Return only the lines below starting at the line containing "Mercedes Benz C4" and ending at the line containing "Pánský stříbrný prsten", both included, exactly as they are and with no pictures.

--- Exercise data ---

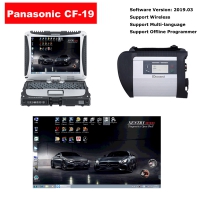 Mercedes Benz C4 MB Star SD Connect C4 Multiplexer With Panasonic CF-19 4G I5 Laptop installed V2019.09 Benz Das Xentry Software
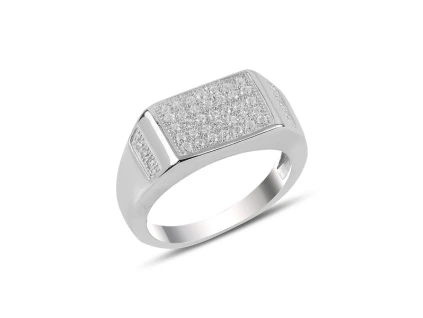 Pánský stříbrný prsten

---
--- Exercise data ---

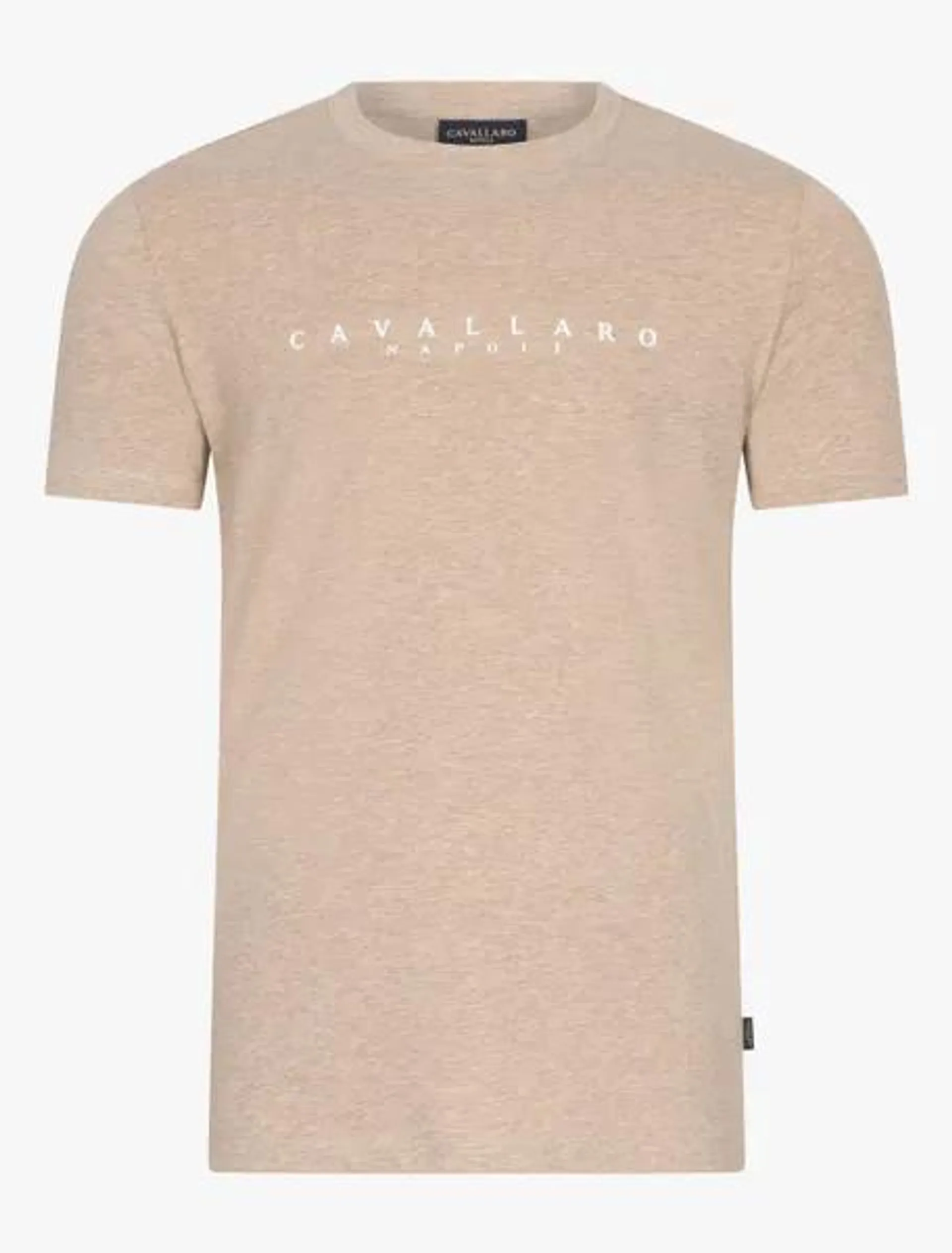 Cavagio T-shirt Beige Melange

---

**Result for this exercise:**
 Mercedes Benz C4 MB Star SD Connect C4 Multiplexer With Panasonic CF-19 4G I5 Laptop installed V2019.09 Benz Das Xentry Software
 Pánský stříbrný prsten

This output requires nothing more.